Data shown:

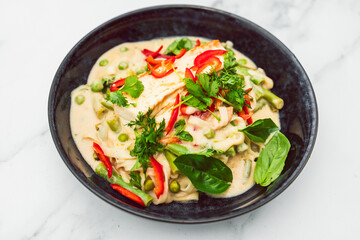 Fototapeta na wymiar plant-based creamy vegetable curry with silken tofu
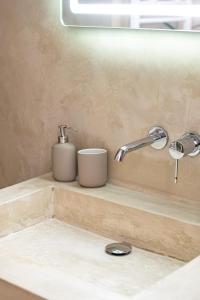 a bathroom sink with two cups on a counter at La parenthèse lilloise in Lille +2 photos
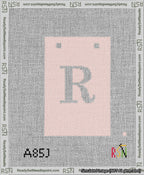A taped needlepoint canvas with the design: Banner 13 mesh count Squared R White on Pink.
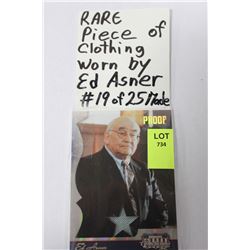 PIECE OF CLOTHING IN CARD  WORN BY ED ASNER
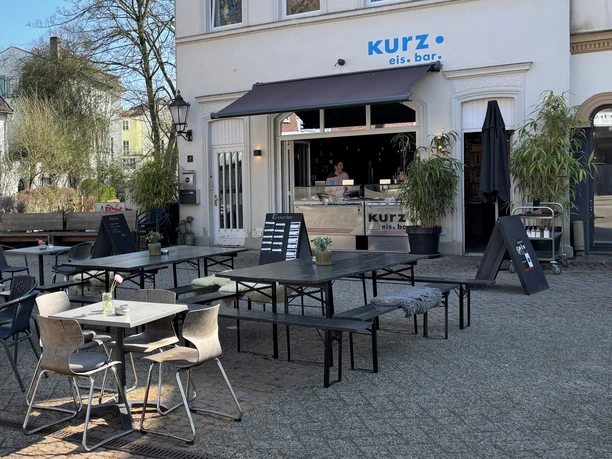 Herford-Kurz Eis Bar-Pro Herford GmbH (60).jpeg Eisbar mit Außensitzbereich, moderner Einrichtung und einladendem Ambiente unter blauem Himmel.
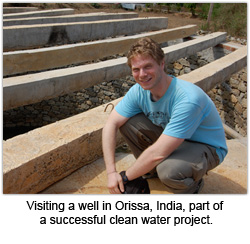 Visiting a well in Orissa, India, part of a successful clean water project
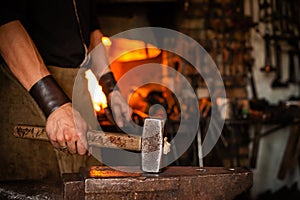 blacksmith performs the forging of hot glowing metal on the anvil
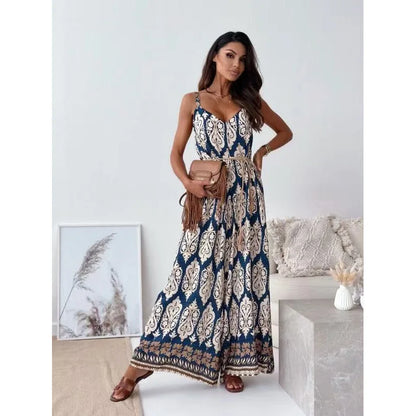 Woman wearing a patterned dress in a minimalistic room.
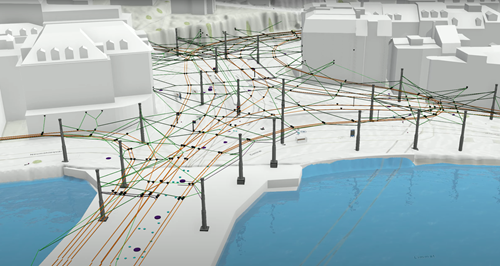 3D-Stadtmodell eines Straßen- und Straßenbahnnetzes mit zahlreichen farbigen Leitungs- und Infrastrukturdaten, dargestellt entlang des Neumühlequais an der Haltestelle Central in Zürich.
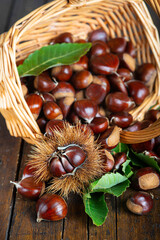 Chestnuts with leaves and burs on a wooden table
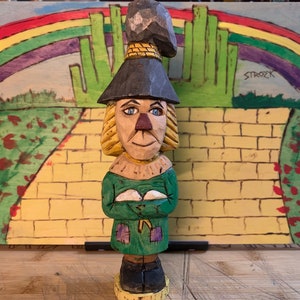 A Hand carved Folk Art style Scarecrow from the 1939 film, &quot;The Wizard of Oz&quot;.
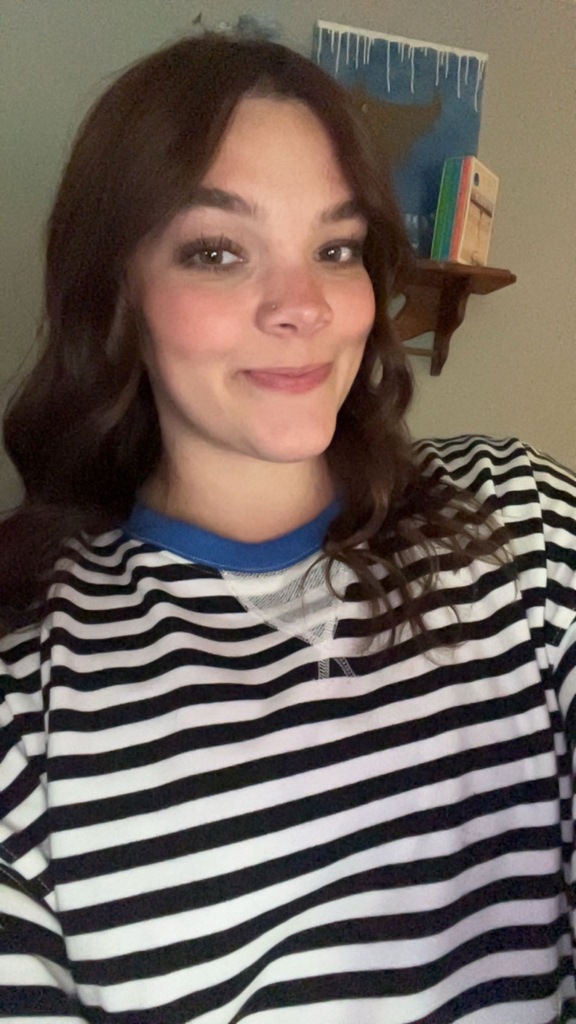 A woman with brown hair smiles at the camera. She wears a striped shirt with blue on the collar.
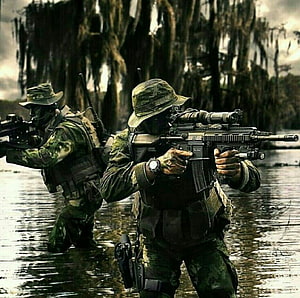 Kopassus Special Forces Soldiers Advancing Through Swamp Water With Tactical Rifles HD wallpaper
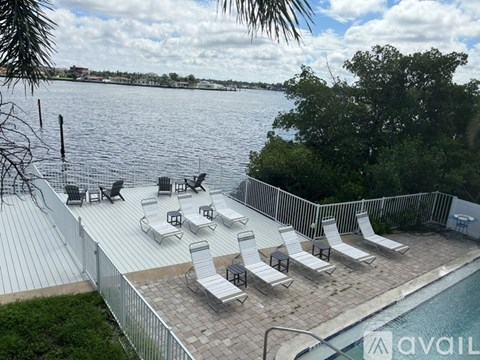 A poolside area with chairs and a view of the water.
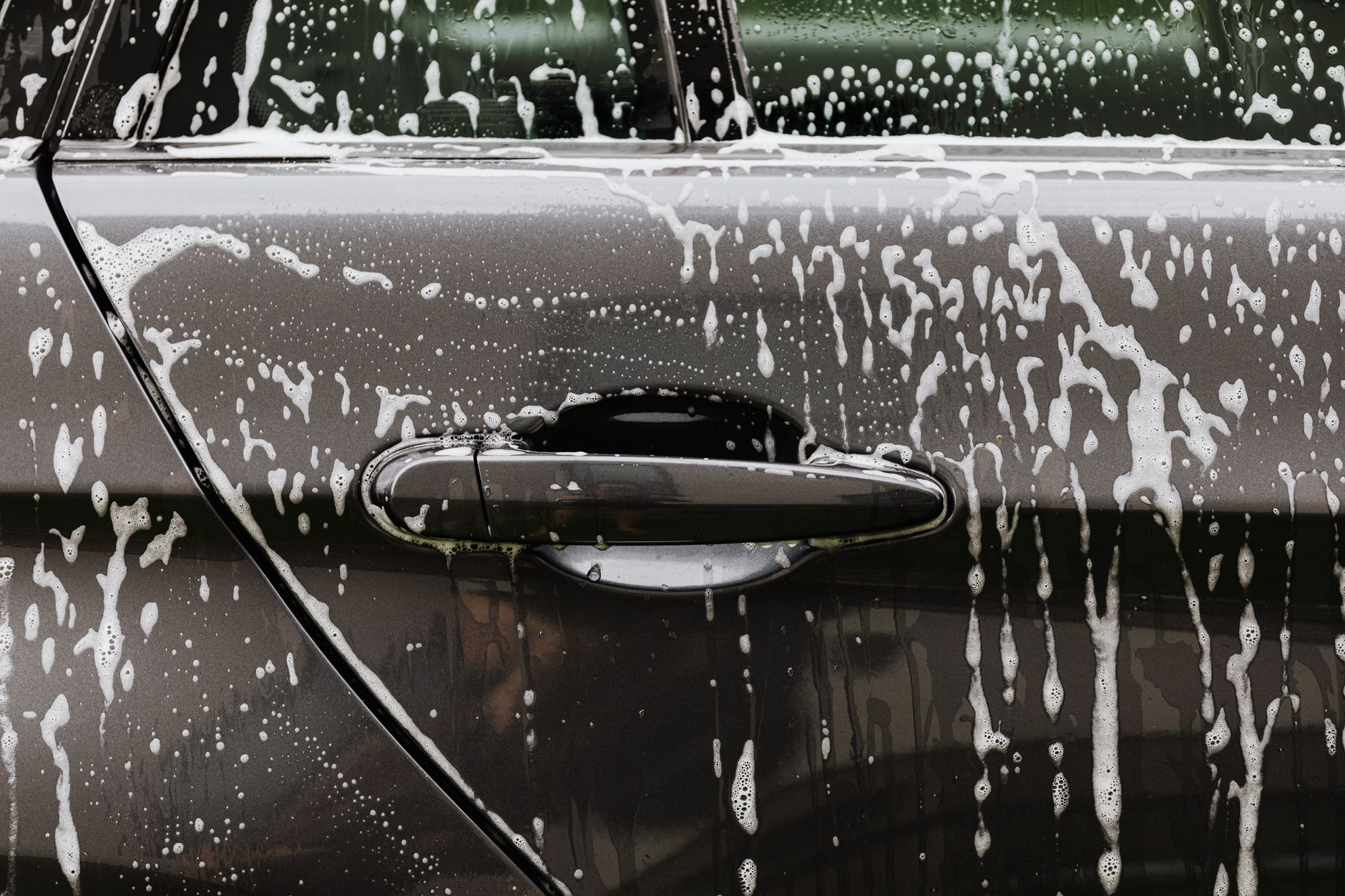 Close-up of soap suds on a black car door during a wash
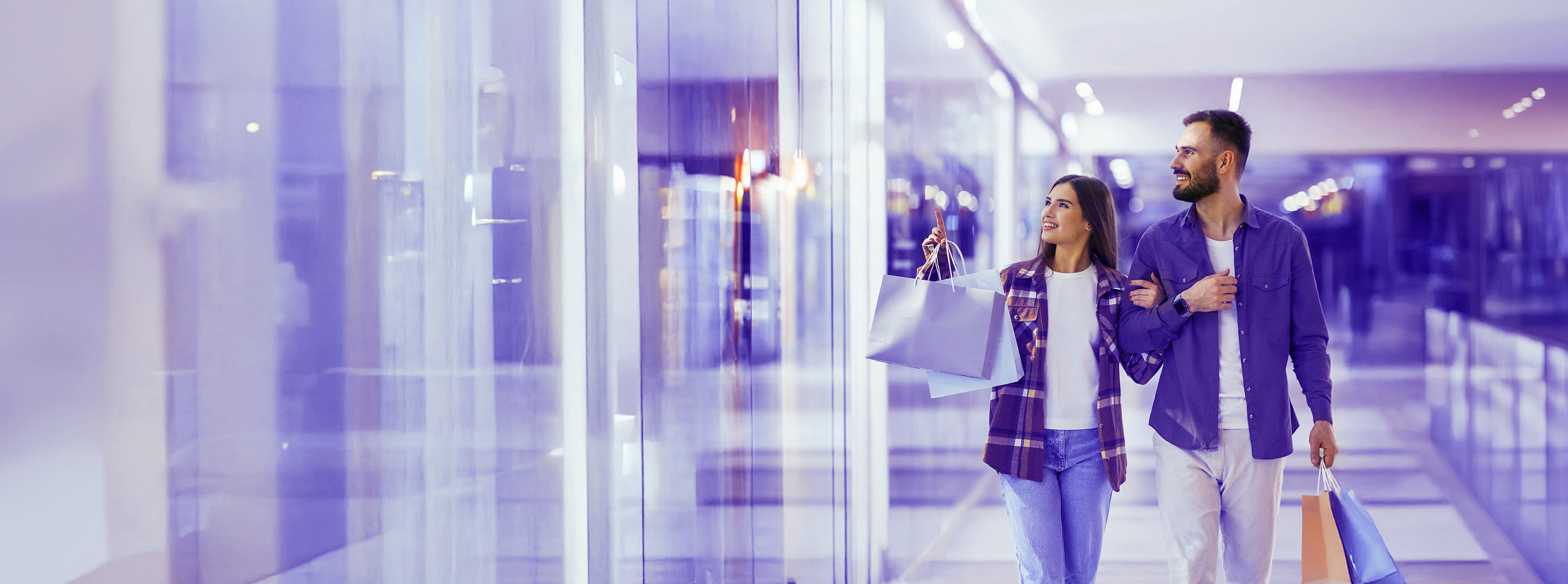Couple enjoying a shopping experience together in a modern retail mall.
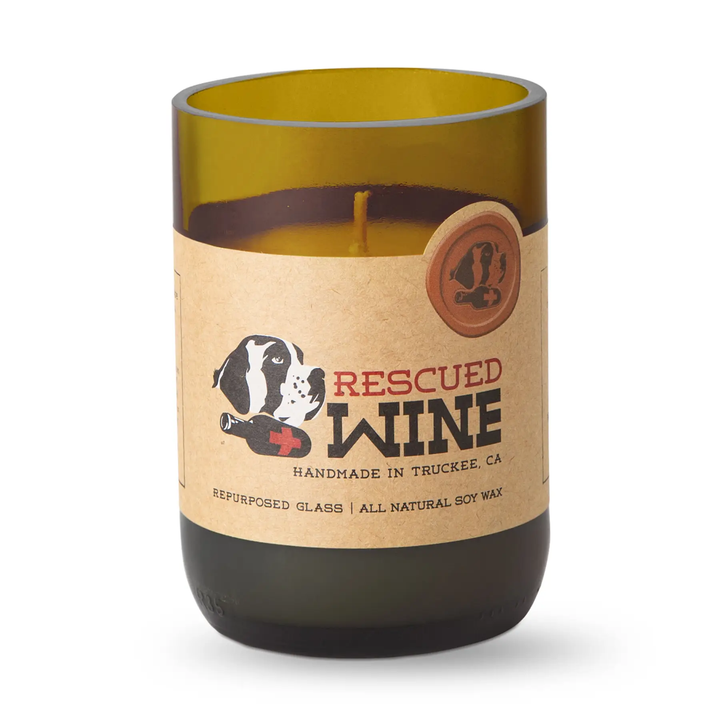 A candle in a repurposed olive-green glass bottle with a kraft paper label that reads &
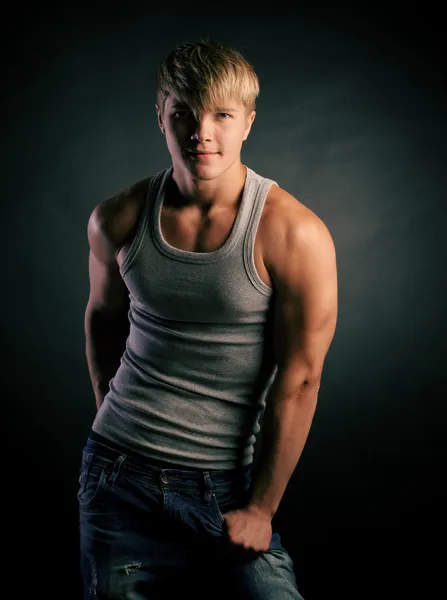 Beautiful young strong man posing on studio — Stock Photo, Image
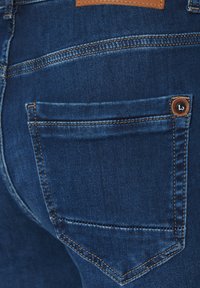 Ciemnoniebieskie dżinsy z pomarańczowymi przeszyciami, tylną kieszenią z ozdobnym guzikiem oraz brązową skórzaną naszywką nad paskiem.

What you are asked to do:
From the data above, return exactly the lines from the one with "a bathroom sink" up to and including the one with "Woman wearing a". Pictures do not go in the copy.

Solved exercise:
 a bathroom sink with two cups on a counter at La parenthèse lilloise in Lille +2 photos
A taped needlepoint canvas with the design: Banner 13 mesh count Squared R White on Pink.
 PIECE OF CLOTHING IN CARD  WORN BY ED ASNER
 Herford-Kurz Eis Bar-Pro Herford GmbH (60).jpeg Eisbar mit Außensitzbereich, moderner Einrichtung und einladendem Ambiente unter blauem Himmel.
 Visiting a well in Orissa, India, part of a successful clean water project
 blacksmith performs the forging of hot glowing metal on the anvil
 Woman wearing a patterned dress in a minimalistic room.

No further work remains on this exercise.